**ASSIGNED TASK:** Look for "Applsci 13 13088 g008" in the entries below. Write out that line and all later lines exactly, ending with the final one.

**GIVEN DATA:**
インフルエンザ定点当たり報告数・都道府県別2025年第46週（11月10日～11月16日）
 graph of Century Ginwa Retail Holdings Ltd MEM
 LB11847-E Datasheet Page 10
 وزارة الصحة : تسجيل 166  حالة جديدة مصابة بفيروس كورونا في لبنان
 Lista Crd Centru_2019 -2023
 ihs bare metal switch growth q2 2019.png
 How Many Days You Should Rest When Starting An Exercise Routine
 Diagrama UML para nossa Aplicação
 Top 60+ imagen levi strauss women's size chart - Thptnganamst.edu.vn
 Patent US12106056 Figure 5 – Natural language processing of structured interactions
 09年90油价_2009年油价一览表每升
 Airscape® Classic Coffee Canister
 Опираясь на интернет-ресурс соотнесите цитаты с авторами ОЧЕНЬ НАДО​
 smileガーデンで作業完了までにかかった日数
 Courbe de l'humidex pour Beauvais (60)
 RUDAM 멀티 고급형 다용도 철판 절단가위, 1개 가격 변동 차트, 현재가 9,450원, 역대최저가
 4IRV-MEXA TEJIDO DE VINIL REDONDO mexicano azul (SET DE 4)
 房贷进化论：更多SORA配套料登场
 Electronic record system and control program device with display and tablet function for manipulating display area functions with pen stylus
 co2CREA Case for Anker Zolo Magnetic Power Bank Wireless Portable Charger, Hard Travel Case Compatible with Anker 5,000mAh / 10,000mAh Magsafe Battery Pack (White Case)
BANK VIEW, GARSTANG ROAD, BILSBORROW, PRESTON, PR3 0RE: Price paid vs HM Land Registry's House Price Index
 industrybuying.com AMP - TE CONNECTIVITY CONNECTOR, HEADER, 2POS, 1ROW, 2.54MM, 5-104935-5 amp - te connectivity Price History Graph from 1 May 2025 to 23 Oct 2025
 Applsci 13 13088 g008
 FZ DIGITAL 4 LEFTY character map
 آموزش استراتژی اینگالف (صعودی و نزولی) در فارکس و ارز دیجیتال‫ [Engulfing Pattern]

**RESPONSE TO THE TASK:**
 Applsci 13 13088 g008
 FZ DIGITAL 4 LEFTY character map
 آموزش استراتژی اینگالف (صعودی و نزولی) در فارکس و ارز دیجیتال‫ [Engulfing Pattern]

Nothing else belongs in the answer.